# Exercise:
Repeat the records below exactly, from the first line through the line containing "The view that", and leave out any pictures.

━━━ Records to process

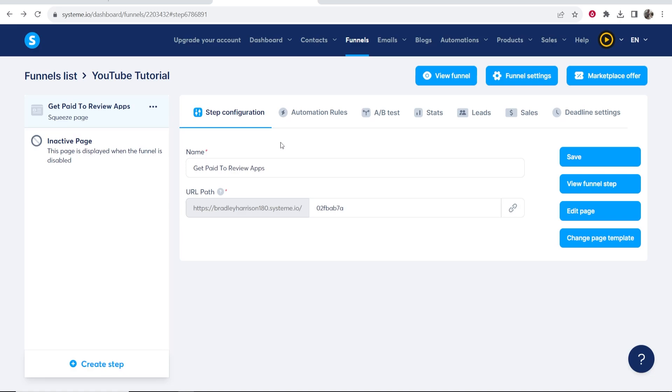In this video I'm going to show you how you can add a pop-up to your system.io funnel. So when someone goes to exit off the screen, something pops up and prompts them to enter their email address or go somewhere.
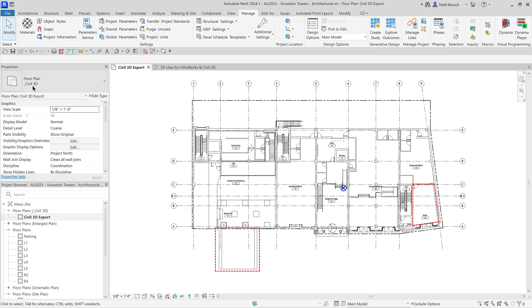The view that I'm sharing with Civil 3D is basically a stripped down view of the floor plan showing only information that is relevant to the civil designer. Information such as footing locations, walls, doors, room names.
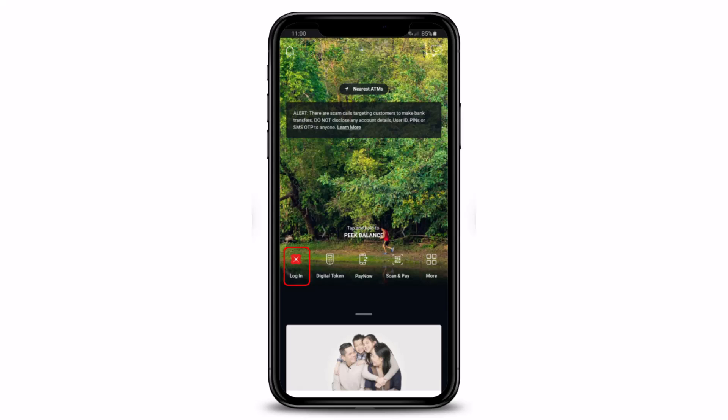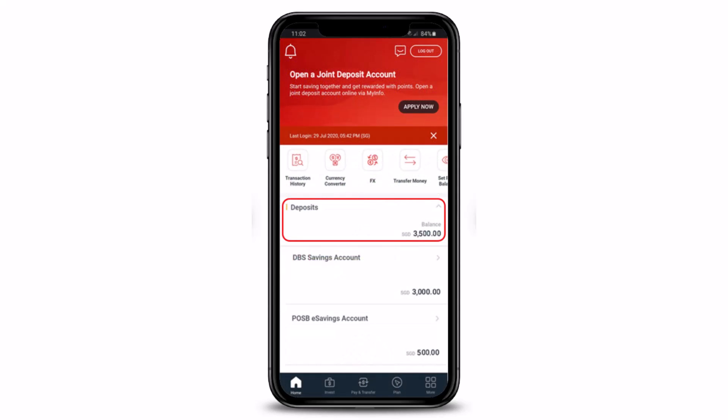If you're curious as to what amount you have left on your account, you can check it via the digibank mobile application. To do this, open or launch the digibank mobile app and log into your mobile banking account either with your Touch ID, Face ID, or your digibank user ID and PIN. Once you log in, by default your account balance will display on the home page under the deposit section, showing your balance as well as the number of sold amounts.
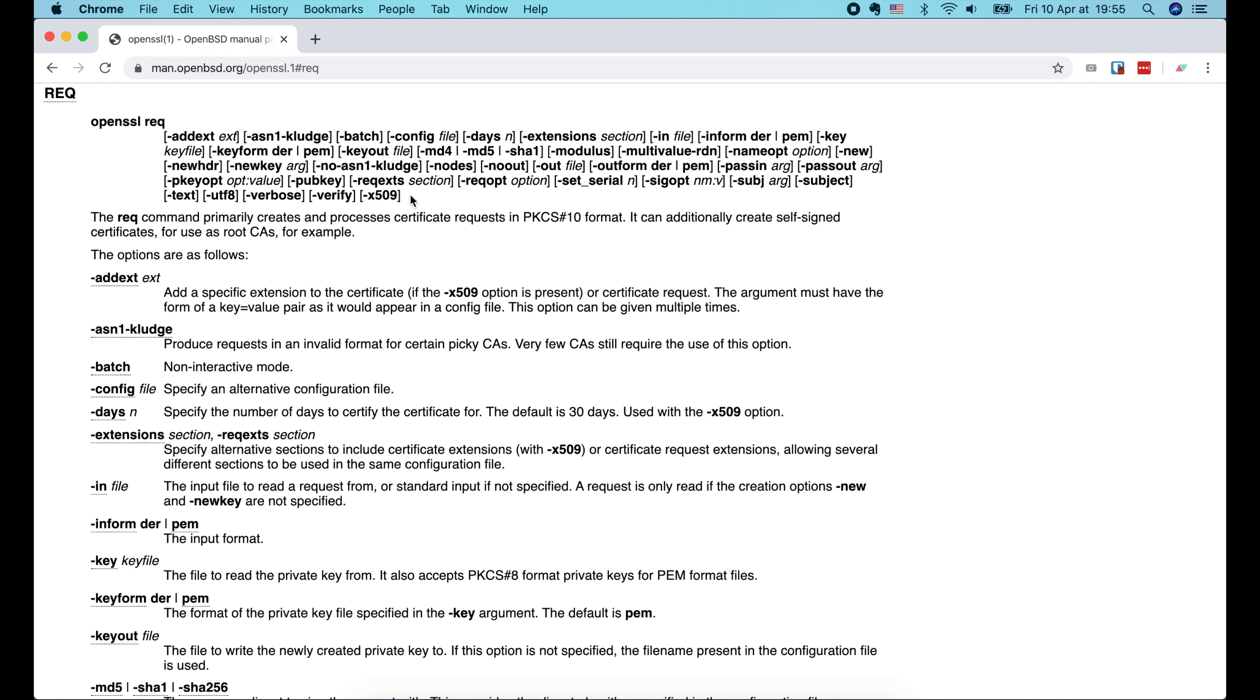This x509 option is used to tell OpenSSL to output a self-signed certificate instead of a certificate request. In case you don't know, x509 is just the standard format of the public key certificate. You can click on the lock button of any HTTPS website to see its certificate in x509 format.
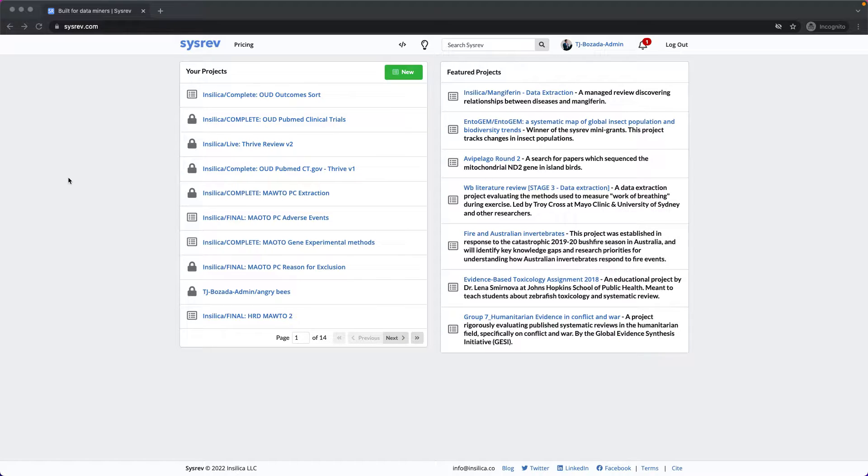Welcome to CISREV, the intelligent platform for literature review and data curation.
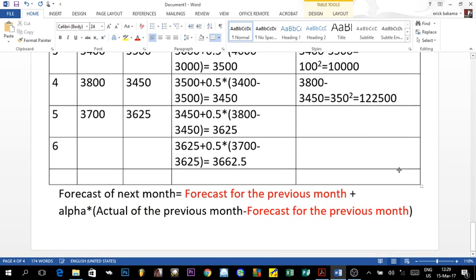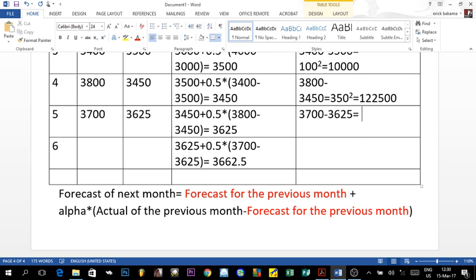For year five: 3,700 minus 3,625 equals 75, and 75 squared equals 5,625.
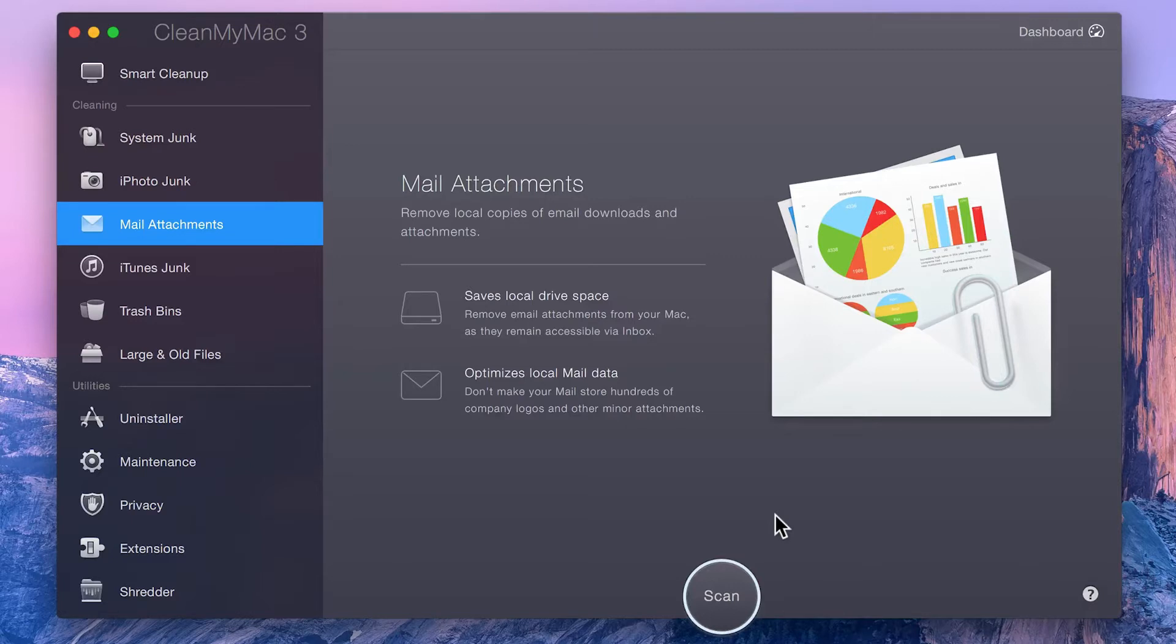In order to delete these items in the Mail app, you'd need to go through all of your messages one by one, removing the attachments.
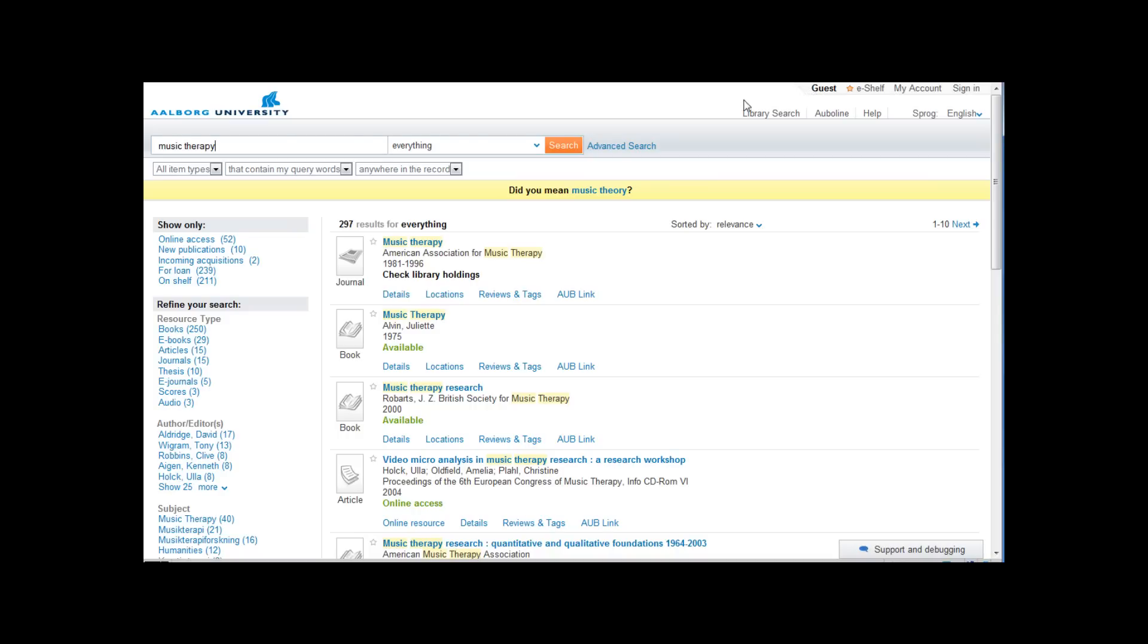Below is another menu where for instance you can change the language if you wish to.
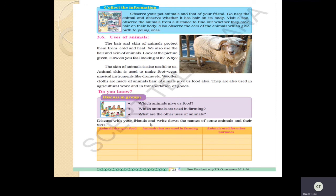Discuss with your friends and write down the names of animals and their uses. Everyone should learn this. List out: animals that give us food, animals used in farming, and animals used for other purposes. Whatever we have seen till now, discuss and write in the table. Tomorrow I will show the video about the uses of animals. Now once again read the textbook and watch the video carefully. In the next class, till then take care, children. Thank you.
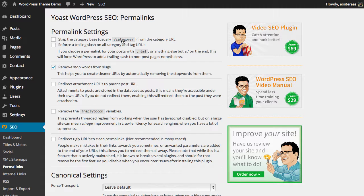It will prevent threaded replies from working if the user is using a browser without JavaScript or has chosen to disable that. However, if you have a very large website with a vast number of comments, it's really handy to use this setting because it can make your site much faster to crawl by search engines.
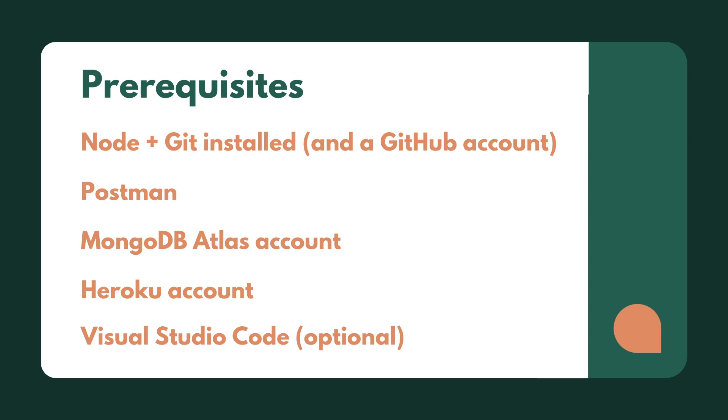In terms of software, we're going to need Node installed to allow us to install packages. We also want Git installed because we're going to be pushing our work to GitHub, and during deployment we will also be integrating with GitHub to deploy to Heroku.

━━━━━━

# Response to this exercise:
In this video I'm going to show you how you can add a pop-up to your system.io funnel. So when someone goes to exit off the screen, something pops up and prompts them to enter their email address or go somewhere.
The view that I'm sharing with Civil 3D is basically a stripped down view of the floor plan showing only information that is relevant to the civil designer. Information such as footing locations, walls, doors, room names.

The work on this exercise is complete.